Two years ago, the Wallenius Wilhelmsen group was created when Wallenius of Sweden and Wilhelmsen of Norway combined ownership of their jointly owned companies and relevant assets.
The Wallenius Wilhelmsen group now consists of WWO, Wallenius Wilhelmsen Solutions, Seoul-headquartered EUKOR and American Roll-on Roll-off Carrier (ARC), and is listed on the Oslo Stock Exchange.
The whole group has a fleet typically of between 125 and 130 ships, of which about 60% or roughly 78 vessels are fully owned and the remainder on long-term charters.
Traditionally, WWO has a much higher percentage of owned tonnage than EUKOR, where there is a greater emphasis on chartered ships.
“Now we can look at them as one, which allows us to flex the tonnage as needed,” says Hynekamp, who joined WWL in the US at the end of 2007 before relocating to Norway four years ago.
Fleet flexibility is about having ships designed to handle a mix of cars, high-and-heavy cargoes and breakbulk, he says. But it is also about the right balance between owned and chartered tonnage to manage the macro issues “looking at us over the course of the next few years and maybe the future in general”.
Scale has enabled the Wallenius Wilhelmsen group to balance some of this “uncertainty and ambiguity,” Hynekamp says, a reference to trade disputes, Brexit and general global economic conditions. Such balance is important when investing in ships, as those assets have a trading life of 25 to 30 years.
Recent years have also seen a marked increase in the number of vehicle production sites around the world, which means additional ports of call.
The Wallenius Wilhelmsen group has strong market shares in all areas of the globe, with WWO traditionally active out of Japan, as well as on the Atlantic and into Oceania, and EUKOR out of north Asia.
It means the group is well placed to adapt to the fragmentation of vehicle production by the manufacturers, Hynekamp says.
Another key challenge, albeit also an opportunity, says Hynekamp, is environmental regulation.
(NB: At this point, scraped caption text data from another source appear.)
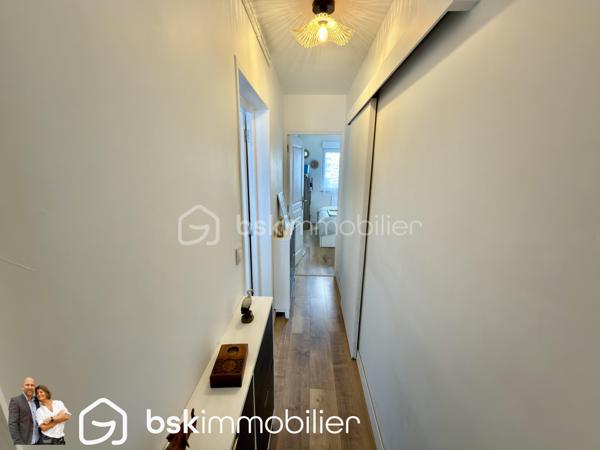Découvrez ce bel appartement entièrement rénové de 62m2, idéalement situé en plein centre-ville de Carvin, à proximité immédiate de toutes les commodités.

Il se compose d’une entrée, d’un WC séparé et d’un vaste séjour lumineux de plus de 36 m² avec cuisine équipée. Cet agréable espace de vie s’ouvre sur un balcon de 5 m².

L’espace nuit comprend deux chambres dotées de placards intégrés, ainsi qu’une salle d’eau moderne avec douche à l’italienne.

Situé dans une résidence calme avec portail sécurisé, l’appartement bénéficie de menuiseries en PVC double vitrage et de volets roulants électriques.

Les atouts :

- Appartement entièrement rénové
- Grande pièce de vie lumineuse avec cuisine équipée
- Deux chambres avec rangements intégrés
- Balcon de 5 m²
- Douche à l’italienne
- Résidence calme et sécurisée
- Double vitrage et volets roulants électriques
- Une place de parking sécurisé
- Emplacement central, proche de toutes les commodités

Un appartement confortable, fonctionnel et prêt à accueillir ses nouveaux occupants. À découvrir rapidement !

VISITE VIRTUEL SUR DEMANDE
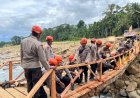 Brimob Polda Sumbar Bangun Jembatan Darurat di Palembayan Agam, Akses Warga Mulai Pulih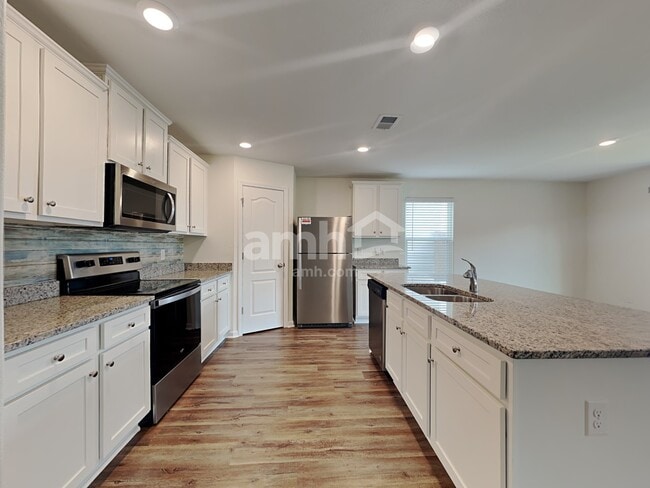 Photo - 2065 Southlea Dr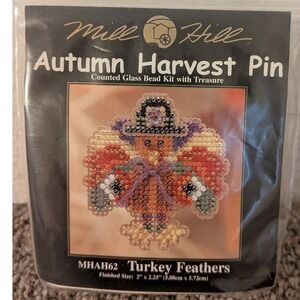 Mill Hill Autumn Harvest Pin Kit MHAH62 Turkey Feathers Glass Bead Counted 2004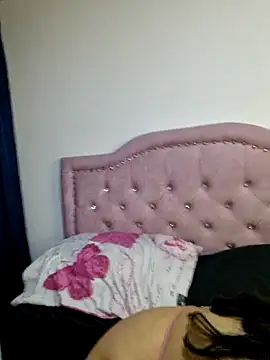 Snapshot of mari_mar69 chatting on February 11, 10:26 am mari mar69 online show from February 11, 10:26 am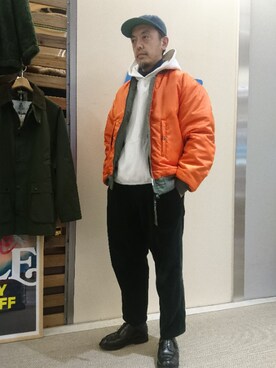 「MANASTASH（マナスタッシュ）のアイテム（MA-1）」を使った、atsushiさん（メンズ・172cm）の冬コーディネート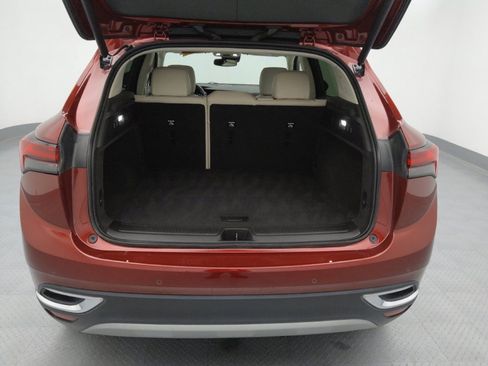 Used 2022 Buick Envision Essence w/ Technology Package I image 29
Knocking on the door is the IMO 2020 sulphur cap, followed by the IMO’s 2030 and 2050 emissions targets.
Hynekamp, who began his career with Ernst & Young before spending 13 years with Mercedes-Benz, says the Wallenius Wilhelmsen group has always been a “steward and leader”, including its memberships of the Trident Alliance and Ship Recycling Transparency Initiative.
“So, it isn’t just about what the IMO is working towards but also what other things we can do about supporting the environment,” he says.
Customers, mainly the large vehicle manufacturers and those in the high and heavy space, face similar challenges and are showing greater interest in the “sustainability platform”.
“I think they see it not only from the ro-ro shipping space [perspective] but across their entire supply chain,” Hynekamp says. “We see the rate of discussion and interest in this subject increasing dramatically, as well as the desire to partner with us.”
WWO already has five owned ships operating with scrubbers, including four recently delivered 8,000-ceu, Hero-class vessels, which also consume 15% less energy.
At the end of 2018, a decision was taken to install an additional 20 scrubbers in the fleet.
“[Scrubber technology] is just one arrow in our arsenal,” Hynekamp says.